*DATA TO EXAMINE*
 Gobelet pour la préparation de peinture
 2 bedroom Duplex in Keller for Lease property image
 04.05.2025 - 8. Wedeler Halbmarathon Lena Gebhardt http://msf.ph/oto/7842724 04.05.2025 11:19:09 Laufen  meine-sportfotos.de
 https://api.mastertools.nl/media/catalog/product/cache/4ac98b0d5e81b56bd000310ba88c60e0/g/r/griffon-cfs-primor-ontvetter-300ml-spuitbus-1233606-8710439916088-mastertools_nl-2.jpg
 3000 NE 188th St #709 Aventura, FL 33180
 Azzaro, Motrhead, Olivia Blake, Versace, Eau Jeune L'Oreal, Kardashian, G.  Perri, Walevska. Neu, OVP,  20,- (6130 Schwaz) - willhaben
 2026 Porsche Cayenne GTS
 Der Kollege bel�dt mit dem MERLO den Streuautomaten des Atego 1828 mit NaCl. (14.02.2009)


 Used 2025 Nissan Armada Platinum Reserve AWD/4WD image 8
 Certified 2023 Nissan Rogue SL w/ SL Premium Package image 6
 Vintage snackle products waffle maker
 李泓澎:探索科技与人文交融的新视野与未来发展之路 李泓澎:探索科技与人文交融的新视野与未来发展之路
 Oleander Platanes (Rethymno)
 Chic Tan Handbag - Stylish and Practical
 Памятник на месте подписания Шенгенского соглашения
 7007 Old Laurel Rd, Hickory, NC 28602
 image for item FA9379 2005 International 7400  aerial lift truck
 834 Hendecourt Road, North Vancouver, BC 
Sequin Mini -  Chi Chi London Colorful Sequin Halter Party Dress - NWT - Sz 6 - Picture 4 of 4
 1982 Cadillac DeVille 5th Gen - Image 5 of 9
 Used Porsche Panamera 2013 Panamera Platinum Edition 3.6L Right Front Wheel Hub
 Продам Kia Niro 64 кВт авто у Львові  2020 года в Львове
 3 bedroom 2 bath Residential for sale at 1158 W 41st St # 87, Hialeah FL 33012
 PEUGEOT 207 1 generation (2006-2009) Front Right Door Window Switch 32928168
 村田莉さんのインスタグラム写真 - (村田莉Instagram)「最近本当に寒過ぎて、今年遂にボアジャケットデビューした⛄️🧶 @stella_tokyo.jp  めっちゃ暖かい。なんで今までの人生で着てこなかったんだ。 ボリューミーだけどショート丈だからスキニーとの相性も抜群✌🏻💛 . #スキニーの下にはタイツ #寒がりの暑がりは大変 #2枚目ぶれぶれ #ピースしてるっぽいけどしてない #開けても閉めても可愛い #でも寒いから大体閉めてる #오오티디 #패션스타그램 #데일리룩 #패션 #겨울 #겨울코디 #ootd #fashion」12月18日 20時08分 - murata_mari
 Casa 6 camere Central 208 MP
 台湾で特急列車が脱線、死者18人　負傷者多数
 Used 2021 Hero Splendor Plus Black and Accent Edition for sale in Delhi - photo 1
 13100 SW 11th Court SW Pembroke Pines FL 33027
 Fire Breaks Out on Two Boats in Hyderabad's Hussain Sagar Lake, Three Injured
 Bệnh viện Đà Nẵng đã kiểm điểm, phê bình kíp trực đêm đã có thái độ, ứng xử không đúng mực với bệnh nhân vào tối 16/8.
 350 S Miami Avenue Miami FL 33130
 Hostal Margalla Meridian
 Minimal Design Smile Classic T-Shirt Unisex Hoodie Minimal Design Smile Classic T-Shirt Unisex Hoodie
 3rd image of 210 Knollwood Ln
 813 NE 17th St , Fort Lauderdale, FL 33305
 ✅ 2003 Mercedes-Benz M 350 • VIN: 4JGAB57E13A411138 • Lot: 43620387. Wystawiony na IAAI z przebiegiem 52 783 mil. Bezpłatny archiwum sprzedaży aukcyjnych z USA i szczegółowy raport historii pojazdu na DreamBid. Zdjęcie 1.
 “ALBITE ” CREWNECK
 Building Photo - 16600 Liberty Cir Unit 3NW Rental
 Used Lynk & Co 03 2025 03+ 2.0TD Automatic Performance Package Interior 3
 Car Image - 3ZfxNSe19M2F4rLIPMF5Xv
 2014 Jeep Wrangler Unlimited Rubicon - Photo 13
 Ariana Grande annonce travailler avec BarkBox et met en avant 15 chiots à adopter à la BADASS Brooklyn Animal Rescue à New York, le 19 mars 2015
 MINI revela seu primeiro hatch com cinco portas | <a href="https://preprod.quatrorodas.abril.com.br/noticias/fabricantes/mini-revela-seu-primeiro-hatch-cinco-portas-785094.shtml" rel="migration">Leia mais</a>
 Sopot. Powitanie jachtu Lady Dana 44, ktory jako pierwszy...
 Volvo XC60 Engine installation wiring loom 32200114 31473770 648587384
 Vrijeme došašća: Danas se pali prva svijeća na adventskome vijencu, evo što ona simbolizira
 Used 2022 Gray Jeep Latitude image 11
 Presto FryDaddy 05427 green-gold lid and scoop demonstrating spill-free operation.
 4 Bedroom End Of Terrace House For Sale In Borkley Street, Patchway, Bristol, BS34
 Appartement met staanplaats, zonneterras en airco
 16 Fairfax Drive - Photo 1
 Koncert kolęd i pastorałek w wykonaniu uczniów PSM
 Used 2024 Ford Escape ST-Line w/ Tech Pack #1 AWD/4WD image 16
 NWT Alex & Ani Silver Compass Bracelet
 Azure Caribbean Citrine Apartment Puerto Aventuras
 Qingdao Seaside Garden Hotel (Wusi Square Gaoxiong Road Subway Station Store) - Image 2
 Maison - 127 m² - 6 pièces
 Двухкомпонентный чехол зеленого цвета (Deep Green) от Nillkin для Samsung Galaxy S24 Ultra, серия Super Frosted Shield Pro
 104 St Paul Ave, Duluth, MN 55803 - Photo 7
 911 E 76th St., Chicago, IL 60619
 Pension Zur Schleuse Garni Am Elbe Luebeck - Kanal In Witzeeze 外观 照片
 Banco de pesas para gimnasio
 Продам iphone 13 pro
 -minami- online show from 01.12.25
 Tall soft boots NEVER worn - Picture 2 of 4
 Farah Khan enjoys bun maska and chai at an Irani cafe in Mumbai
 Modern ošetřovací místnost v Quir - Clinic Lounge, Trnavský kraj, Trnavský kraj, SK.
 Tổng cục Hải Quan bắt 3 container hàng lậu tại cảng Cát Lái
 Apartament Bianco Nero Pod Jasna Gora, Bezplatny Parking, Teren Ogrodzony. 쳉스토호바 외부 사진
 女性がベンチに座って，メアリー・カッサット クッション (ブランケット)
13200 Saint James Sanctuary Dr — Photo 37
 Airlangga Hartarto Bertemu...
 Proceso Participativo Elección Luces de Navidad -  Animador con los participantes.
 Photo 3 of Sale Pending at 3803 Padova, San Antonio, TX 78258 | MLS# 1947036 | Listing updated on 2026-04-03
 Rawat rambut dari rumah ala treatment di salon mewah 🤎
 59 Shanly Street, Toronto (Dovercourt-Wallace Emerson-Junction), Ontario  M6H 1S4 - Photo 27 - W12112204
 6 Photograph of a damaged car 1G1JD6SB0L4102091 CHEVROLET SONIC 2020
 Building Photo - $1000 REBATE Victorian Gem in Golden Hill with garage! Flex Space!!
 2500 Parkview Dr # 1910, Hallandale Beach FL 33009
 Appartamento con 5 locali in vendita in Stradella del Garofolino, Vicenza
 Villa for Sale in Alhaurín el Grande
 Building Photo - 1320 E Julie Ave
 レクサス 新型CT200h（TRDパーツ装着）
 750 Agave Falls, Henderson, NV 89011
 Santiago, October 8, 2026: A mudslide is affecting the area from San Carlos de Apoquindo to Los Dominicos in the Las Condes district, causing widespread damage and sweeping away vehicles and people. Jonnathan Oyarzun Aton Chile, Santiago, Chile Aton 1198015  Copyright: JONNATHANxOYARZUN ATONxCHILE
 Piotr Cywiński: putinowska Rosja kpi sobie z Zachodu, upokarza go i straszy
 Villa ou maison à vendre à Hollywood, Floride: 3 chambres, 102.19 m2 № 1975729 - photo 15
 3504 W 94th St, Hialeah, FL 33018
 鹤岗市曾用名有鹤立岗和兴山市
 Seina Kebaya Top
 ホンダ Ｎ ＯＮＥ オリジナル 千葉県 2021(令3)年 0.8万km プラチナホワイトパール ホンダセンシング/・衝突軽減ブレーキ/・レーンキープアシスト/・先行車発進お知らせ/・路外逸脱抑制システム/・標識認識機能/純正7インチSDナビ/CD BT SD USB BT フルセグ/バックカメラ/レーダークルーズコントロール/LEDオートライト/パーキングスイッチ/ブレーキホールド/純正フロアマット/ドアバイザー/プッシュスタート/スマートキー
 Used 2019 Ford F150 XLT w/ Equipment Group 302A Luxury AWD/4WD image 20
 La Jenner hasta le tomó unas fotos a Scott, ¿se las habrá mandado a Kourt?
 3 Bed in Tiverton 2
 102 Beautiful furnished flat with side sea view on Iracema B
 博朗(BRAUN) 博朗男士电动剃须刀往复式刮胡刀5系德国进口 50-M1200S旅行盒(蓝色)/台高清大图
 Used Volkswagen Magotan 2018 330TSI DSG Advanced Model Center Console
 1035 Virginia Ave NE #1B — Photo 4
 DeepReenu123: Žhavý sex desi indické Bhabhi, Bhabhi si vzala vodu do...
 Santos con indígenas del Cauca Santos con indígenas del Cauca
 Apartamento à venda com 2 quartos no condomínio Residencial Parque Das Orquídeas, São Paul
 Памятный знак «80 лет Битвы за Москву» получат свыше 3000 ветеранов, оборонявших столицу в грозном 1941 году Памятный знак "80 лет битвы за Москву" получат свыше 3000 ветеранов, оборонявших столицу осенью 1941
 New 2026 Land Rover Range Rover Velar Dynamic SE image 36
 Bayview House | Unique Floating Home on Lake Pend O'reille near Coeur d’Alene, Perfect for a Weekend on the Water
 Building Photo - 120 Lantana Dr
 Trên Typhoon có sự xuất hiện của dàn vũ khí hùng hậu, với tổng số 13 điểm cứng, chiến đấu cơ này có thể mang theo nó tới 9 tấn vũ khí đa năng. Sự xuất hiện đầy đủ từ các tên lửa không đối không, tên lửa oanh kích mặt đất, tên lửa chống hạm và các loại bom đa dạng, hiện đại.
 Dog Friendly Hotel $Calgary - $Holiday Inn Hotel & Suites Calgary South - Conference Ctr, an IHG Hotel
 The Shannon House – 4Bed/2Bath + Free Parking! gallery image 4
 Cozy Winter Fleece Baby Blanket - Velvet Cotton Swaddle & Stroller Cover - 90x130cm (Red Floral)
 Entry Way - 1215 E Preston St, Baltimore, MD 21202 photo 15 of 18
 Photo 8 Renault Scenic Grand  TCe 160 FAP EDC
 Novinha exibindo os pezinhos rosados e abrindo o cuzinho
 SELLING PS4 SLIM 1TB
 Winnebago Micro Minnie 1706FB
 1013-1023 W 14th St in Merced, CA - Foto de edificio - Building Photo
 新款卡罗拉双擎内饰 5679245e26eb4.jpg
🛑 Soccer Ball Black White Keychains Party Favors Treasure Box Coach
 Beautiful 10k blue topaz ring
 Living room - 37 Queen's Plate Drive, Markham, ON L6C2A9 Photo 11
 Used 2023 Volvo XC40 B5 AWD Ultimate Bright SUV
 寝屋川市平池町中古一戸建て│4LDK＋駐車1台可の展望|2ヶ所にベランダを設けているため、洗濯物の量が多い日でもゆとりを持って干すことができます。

*DIRECTIONS*
Could you please copy the lines of the listing above exactly, from its first line through the line bearing "3 bedroom 2", and nothing more?

*EXERCISE SOLUTION*
 Gobelet pour la préparation de peinture
 2 bedroom Duplex in Keller for Lease property image
 04.05.2025 - 8. Wedeler Halbmarathon Lena Gebhardt http://msf.ph/oto/7842724 04.05.2025 11:19:09 Laufen  meine-sportfotos.de
 https://api.mastertools.nl/media/catalog/product/cache/4ac98b0d5e81b56bd000310ba88c60e0/g/r/griffon-cfs-primor-ontvetter-300ml-spuitbus-1233606-8710439916088-mastertools_nl-2.jpg
 3000 NE 188th St #709 Aventura, FL 33180
 Azzaro, Motrhead, Olivia Blake, Versace, Eau Jeune L'Oreal, Kardashian, G.  Perri, Walevska. Neu, OVP,  20,- (6130 Schwaz) - willhaben
 2026 Porsche Cayenne GTS
 Der Kollege bel�dt mit dem MERLO den Streuautomaten des Atego 1828 mit NaCl. (14.02.2009)


 Used 2025 Nissan Armada Platinum Reserve AWD/4WD image 8
 Certified 2023 Nissan Rogue SL w/ SL Premium Package image 6
 Vintage snackle products waffle maker
 李泓澎:探索科技与人文交融的新视野与未来发展之路 李泓澎:探索科技与人文交融的新视野与未来发展之路
 Oleander Platanes (Rethymno)
 Chic Tan Handbag - Stylish and Practical
 Памятник на месте подписания Шенгенского соглашения
 7007 Old Laurel Rd, Hickory, NC 28602
 image for item FA9379 2005 International 7400  aerial lift truck
 834 Hendecourt Road, North Vancouver, BC 
Sequin Mini -  Chi Chi London Colorful Sequin Halter Party Dress - NWT - Sz 6 - Picture 4 of 4
 1982 Cadillac DeVille 5th Gen - Image 5 of 9
 Used Porsche Panamera 2013 Panamera Platinum Edition 3.6L Right Front Wheel Hub
 Продам Kia Niro 64 кВт авто у Львові  2020 года в Львове
 3 bedroom 2 bath Residential for sale at 1158 W 41st St # 87, Hialeah FL 33012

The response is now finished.